Bir karınca için, hayatın yegane anlamı, sırtındaki
buğday tanesini hedefe kadar taşıyabilmektir. Bir işçi için, bahçesindeki
ürünlerin bereketi ve düzenidir. Bir çoban için hayvanların sağ salim
otlatılması ve beklenen verimin elde edilmesidir.
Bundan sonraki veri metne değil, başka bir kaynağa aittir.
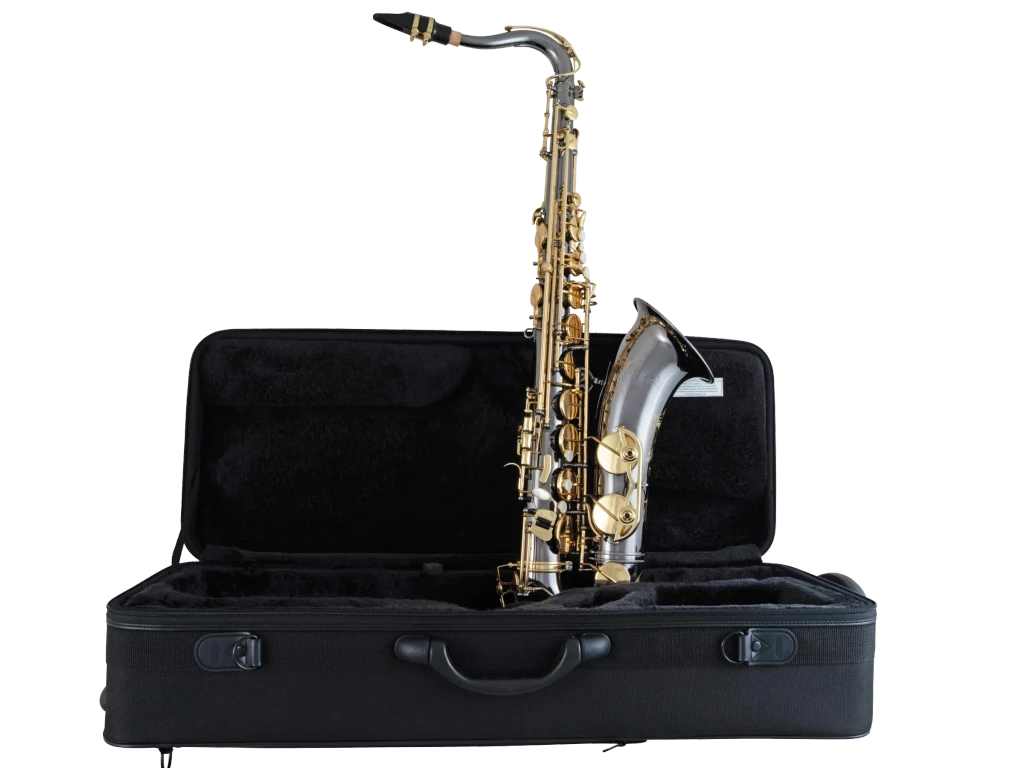 Selmer STS511B Intermediate Tenor Saxophone - Black Nickel Finish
Kendilerini boş bir tünelde hissedenler ise envai çeşit
eğlencelerin peşinde koşar ve buna hayat derler. Oysa hayat denen şey, geçici
hazinelerin, geçici heveslerin geçici mutlulukların diyarıdır. Buradan kim ne
istiyorsa onu elde eder. Sonsuzluğa açılan o aydınlık yol ise ellerindeki
meşale ile yürüyenlerin yoludur. İşte bizim önderlerimiz onlardır.
HUZUR NEDİR
Herkes mutluluk peşinde koşuyor da, huzuru dillendiren
pek yok. Oysa mutluluk heveslerimizle gürbüzleşip yoksunluğumuzla ortadan
kalkan bir şeydir. Fakat huzur bizi yoklukta da varlıkta da terk etmez. Zira
huzurun kaynağı maneviyattır. O yüzden geçici mutluluklar her kapıyı çalarken
huzur sadece iyilerin evinde konaklıyor. Çünkü huzur heveslerden değil, erdem
ve faziletlerden beslenir. Huzurun en doğru tanımını yapacak kişiler ise ,
ilahi sevgiyi hayatına resmeden kişilerdir .
Hayatı Okumak
Bilgi sadece kitapların satırları arasında gelişip
büyümez. Bazen bize acı veren olaylardan , yoksulluktan veya mahrumiyetten de
bilginin farklı bir yönünü öğreniriz ; hayatımızın yanlışlarından edindiğimiz
bilgi ve tecrübeler , bir filozofun sözlerinden yada kitapların sayfaları
arasından süzülüp gelen bilgiden daha kalıcı bir etki bırakabilir . Kitapsız
bir dünya, bir hayat düşünemeyiz. Fakat kendini öğrenmeye adamış öyle kişiler
vardır ki, onlar yazılı eserlerin yanında, olayları, kişileri, tabiatı, hatta
hayatın kendisini okumayı ve gönül hazinelerini zenginleştirmeyi başarırlar.